Over the past year or two, the world of billionaires has wrestled with a fresh, counterintuitive question: Is it wrong for the megarich to give to charity? After all, they could just pay more in taxes instead.

But today’s crisis has laid bare how much we might need these billionaires in a specific moment: when the government is failing. And since philanthropists can only do so much, critics say that the crisis points to problems with our system more broadly — and that the US shouldn’t have to rely on charitable billionaires for masks or ventilators next time.

“Philanthropy is taking on a greater portion of the responsibility for response than anyone expected,” said Dustin Moskovitz, a co-founder of Facebook and one of Silicon Valley’s most thoughtful billionaire philanthropists. “Unfortunately, I think it’s clear to anyone closely following the situation today that philanthropy simply can’t solve this crisis on its own.”

That’s true despite the number of Silicon Valley billionaires whose net worths have skyrocketed over the past decade. Some of them are so wealthy that even if they want to give their money away, they literally cannot dispense their fortunes quickly enough. This has fueled the rise of charitable vehicles like donor-advised funds and thinned the line between a billionaire and an asset manager: Both are overseeing vast financial empires. Advisers to tech billionaires, in particular, describe a paralysis: The nouveau riche don’t even know what to do with the money so they stow it away to be tapped later.
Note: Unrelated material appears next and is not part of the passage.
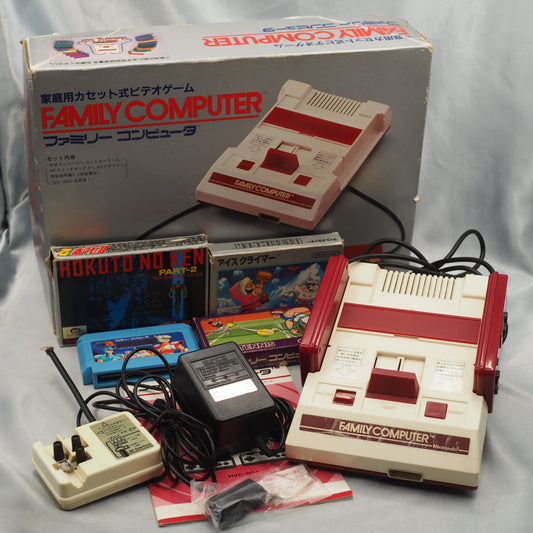 Nintendo Famicom Console System Boxed HVC-001 + 4 Games SET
And yet the critique of billionaire philanthropy revolves around the idea that these donations are an expression of private power. Indeed, philanthropists like Moskovitz are some of the most important people in determining the shape of America’s response to an unprecedented crisis. They are imbued with unaccountable, untransparent, and undemocratic influence. Power grabs can happen. And their donations can legitimize the philanthropists as heroes, which can discourage scrutiny of their business practices.

But that general theory misses two things about this particular moment: First of all, while the donations certainly do offer a public-relations boon, much of the current philanthropic response — for pandemic models, for vaccine research, or for feeding the hungry — are not directly emboldening billionaires’ short-term grip on society, although questions about their taxes remain. And secondly, this critique can overgeneralize the entire philanthropic response to the crisis by focusing solely on top-down efforts from billionaires.

Even if you hypothetically believe that the rich should be taxed at a much higher rate and that democratic leaders, not billionaires, should be the ones making funding decisions, it is not as though the tax code is going to be rewritten right now.